A bump-up CD locks in your funds for a longer period at variable rates. It won't be an ideal savings option for investors or savers who prefer one-year or less terms.  Bump-up CDs tend to be longer terms, such as 2 years or more.


    4) Starting a Lowe Rate Despite the Prevailing Rate High

Bump-up CD provides a lower rate than the prevailing interest rate by keeping the margin for future bump-up request meetings. 

 

But the future is uncertain it could lead to no interest rate increase. You can lose the higher rate or alternatives to bump-up CD, while picking up pump-up CD, losing the potential gain and selecting it with an opportunity cost.


    5) No Automate Rate Adjustment

You need to remain proactive and extra cautious and make requests as there is no automatic rate increase adjustment on pump-up CD.  


Alternatives to Bump-Up CD

While considering the bump-up CD, you should never miss out on the alternatives to the bump-up CD. It depends on the savings goals such as construction improvements, and major purchases. 


    1) Step-Up CDs

A step-up CD is similar to a bump-up CD. Automatically, it increases the annual percentage yield (APY)  after the set intervals over the CD maturity period. Banks decide the interest rate increase in advance and when to increase the rate.


    2) CD Laddering

Another option to bump up a CD is building a CD ladder. CD laddering is a strategy dividing funds over multiple CDs with different maturity dates, reducing the risk of missing out on the higher interest rates after placing your funds untouched for a specific period such as one-year, two-year, three-years, four-year, or five-year. 


After one year of the CD maturing, the whole amount including the interest is reinvested into a new two-year CD, keeping up to the five-year CD investment. It builds a CD ladder by taking advantage of interest rate fluctuations and maximizing the returns on savings.


    3) Stocks, Shares

Investing in shares or stocks could prove easy and one of the best money management decisions. Stocks or shares represent the ownership rights in a specific organization. It shows the fraction of ownership in a corporation. 

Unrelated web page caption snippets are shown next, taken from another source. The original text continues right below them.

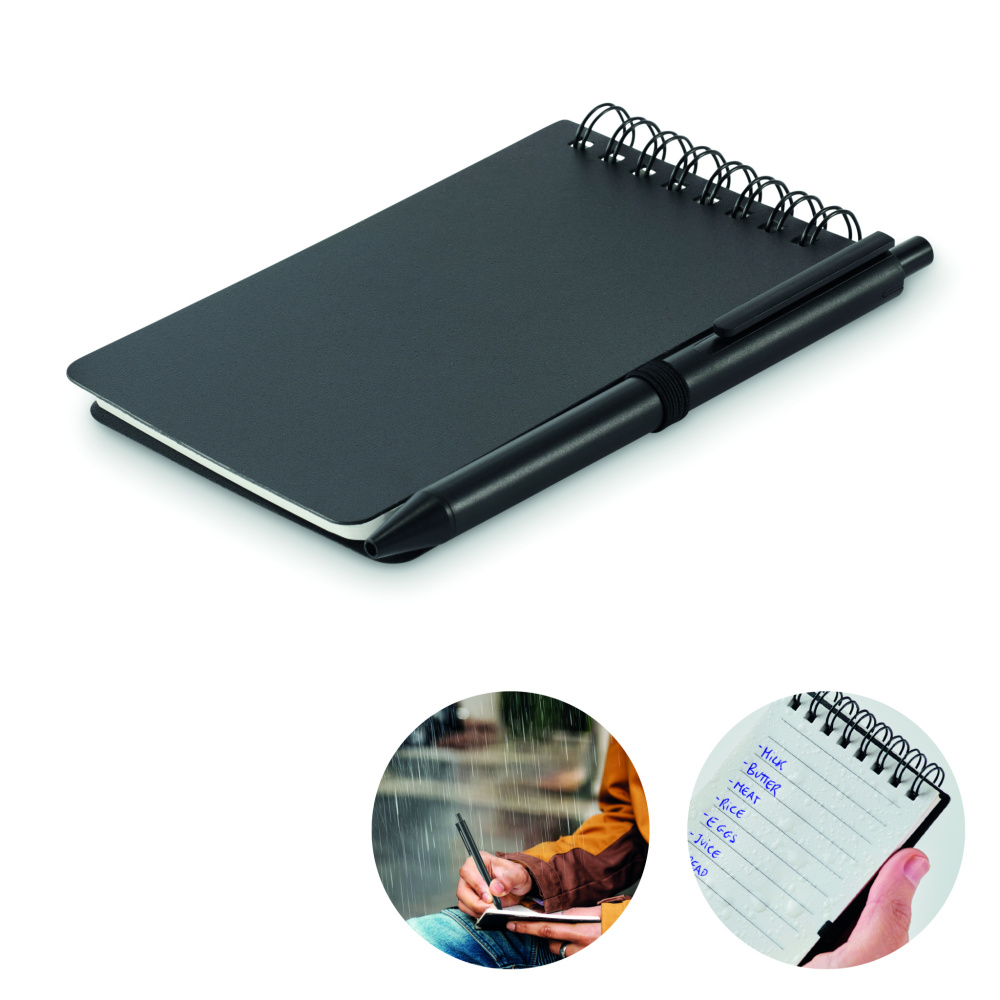 Logo trade promotional giveaways image of: Water repellent notepad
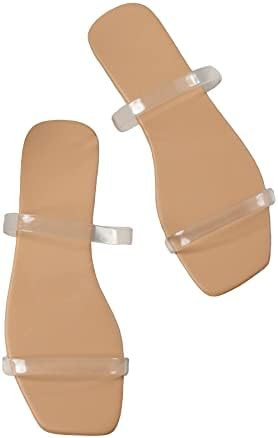 GORGLITTER Women's Summer Beach Clear Flat Sandals Cute Trendy Square Toe Double Strappy Slide Fl... | Amazon (US)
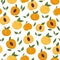 Seamless pattern with colorful apricots and peaches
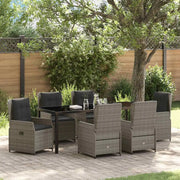 Set da Pranzo per Giardino 7 pcs Grigio polyrattan 3380958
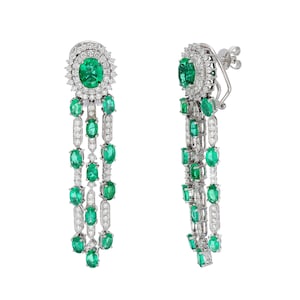 Solid 18k Yellow Gold Natural Diamond Chandelier Earring | Oval Cut Emerald Gemstone Stud Earring For Women | Statement Earring Jewelry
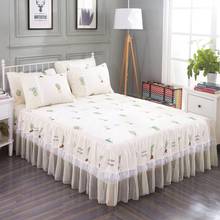 Ruffled Sheet Cover With 2 Pcs Pillowcases Graceful Floral Lace Bedspread Bedroom Girl Bedcover Skirt Non-slip Mattress Bedskirt 2024 - buy cheap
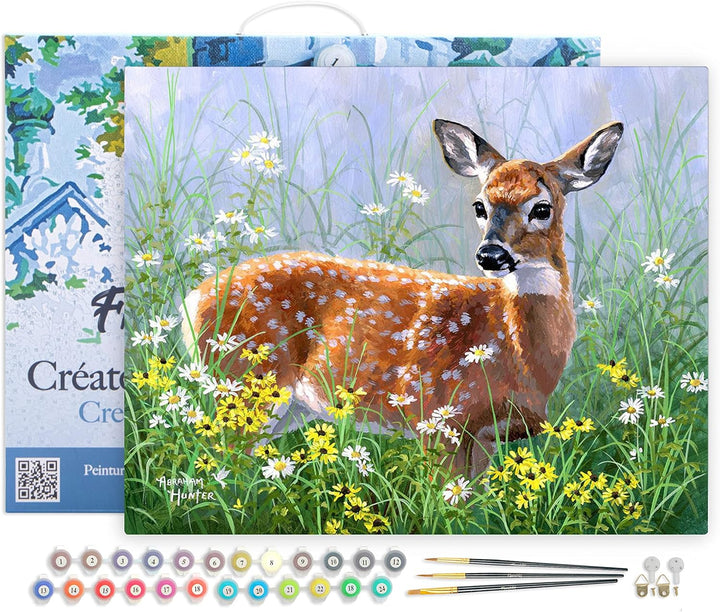 Figured'Art Malen Nach Zahlen Erwachsene Mit Rahmen Reh auf der Wiese - Paint by Numbers Basteln DIY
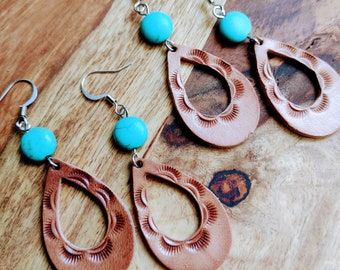 Tooled Leather Earrings with Faux Turquoise Stones, Western Earrings, Cowgirl Earrings, Natural Leather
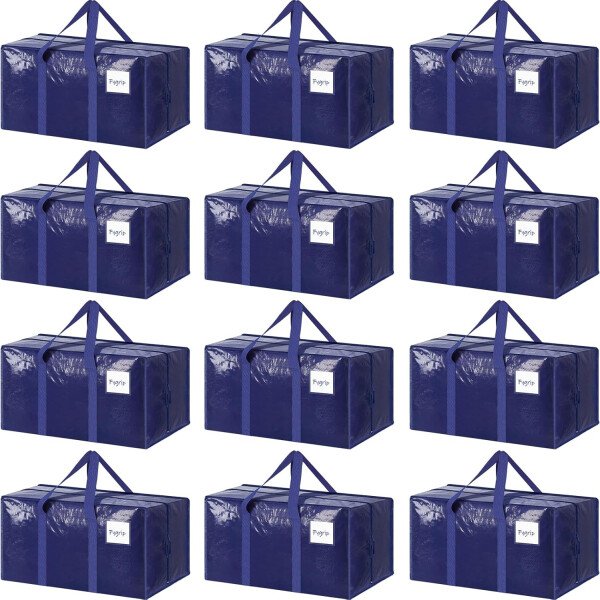 Paquete de 6 bolsas de mudanza grandes extra resistentes con cremallera fuerte y asas cómodas, bolsas de almacenamiento de ropa resistentes y duraderas, cajas de mudanza azules para suministros - Imagen 39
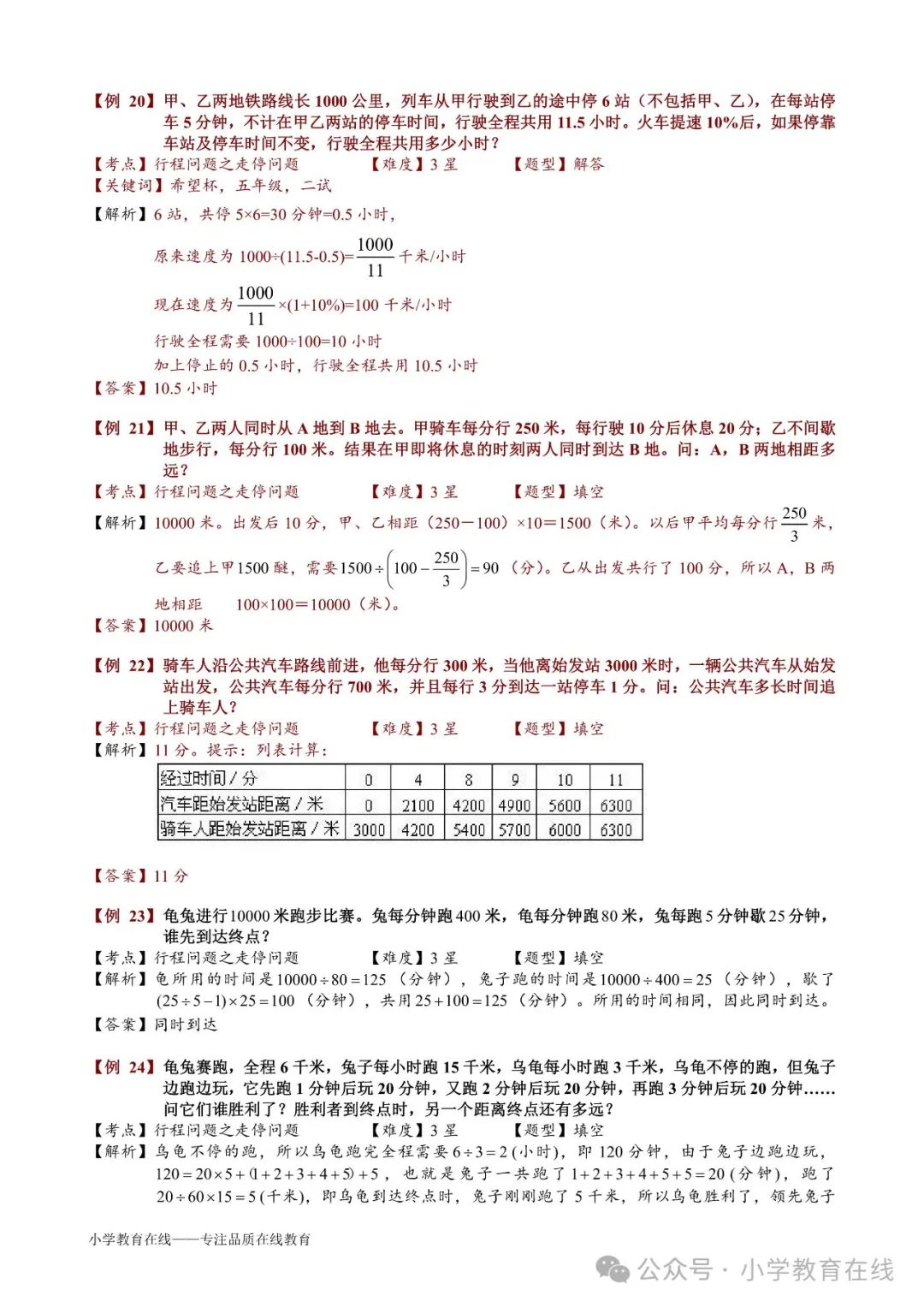 小学奥数精讲精析:31 走停问题 第6张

You can generate earnings by capital appreciation, dividend payouts, bonus shares, share split, or issuing the rights shares.


    4) Traditional CDs

A traditional CD ensures a guaranteed fixed rate for a specific period, avoiding access to funds until maturity.



Frequently Asked Questions (FAQs)


★ Can I Increase the Interest Rate on My CDs More Than Once?

A regular CD ensures a fixed rate of interest over the maturity period. A pump-up or jump-up CD has an exception and allows a one-time interest rate increase. 


Some pump-up CDs have more than one bump-up option before liquidation if funds are invested for a greater length of time such as a 2-year or 4-year bump-up CD.


★ What Is the Difference Between Bump-Up and Step-Up CDs?

Both bump-up and step-up CDs work on variable rates during the maturity period. The key difference is the approach to changing interest rates.  


The bump-up CD has one option for increasing the rate, filing a request for it. Banks, credit unions, or the issuer of step-up CD decide in advance when the interest rates are to increase at regular intervals. Normally, it is available online on the websites of financial institutions.


★ How to Get a Bump-Up CD?

Banks or credit unions issue the bump-up CD as a special savings account. you can open a bump-up savings account with them.


Conclusion

A bump-up CD is an excellent choice in case of an interest-rate-increasing economy. You can make a request for the rate increase by keeping up to date with the prevailing interest rates. The Federal Reserve rate acts as a catalyst for deciding the interest rates.



Article Sources

  1. CNBC Select. "The Fed increased interest rates again — here’s why you should save more and pay off debt in responsehttps://www.cnbc.com/select/interest-rates-rising-saving-more-appealing-debt-more-harmful/"
  2. Office of the Comptroller of the Currency. "What Are the Penalties for Withdrawing Money Early From a Certificate of Deposit (CD)? https://www.helpwithmybank.gov/help-topics/bank-accounts/certificates-of-deposit/cd-penalties.html"
  3. Consumer Financial Protection Bureau. "The Interest Rate Offered for CDs (Certificates of Deposit) Is Low. Is There Anything I Can Do About That? https://www.consumerfinance.gov/ask-cfpb/the-interest-rate-offered-for-cds-certificates-of-deposit-is-low-is-there-anything-i-can-do-about-that-en-921/"
  4. ALLY. Compare CDs. "Raise Your Rate CDs.,https://www.ally.com/bank/cd-rates/"
  5. U.S. Department of Veterans Affairs. Opportunity Costs.,https://www.herc.research.va.gov/include/page.asp?id=opportunity-costs"
  6. Federal Deposit Insurance Corp. "Your Insured Depositshttps://www.fdic.gov/resources/deposit-insurance/brochures/documents/your-insured-deposits-english.pdf" Page 3,5.
  7. CFPB. "What is a Certificate of Deposit?. https://www.consumerfinance.gov/ask-cfpb/what-is-a-certificate-of-deposit-cd-en-917/"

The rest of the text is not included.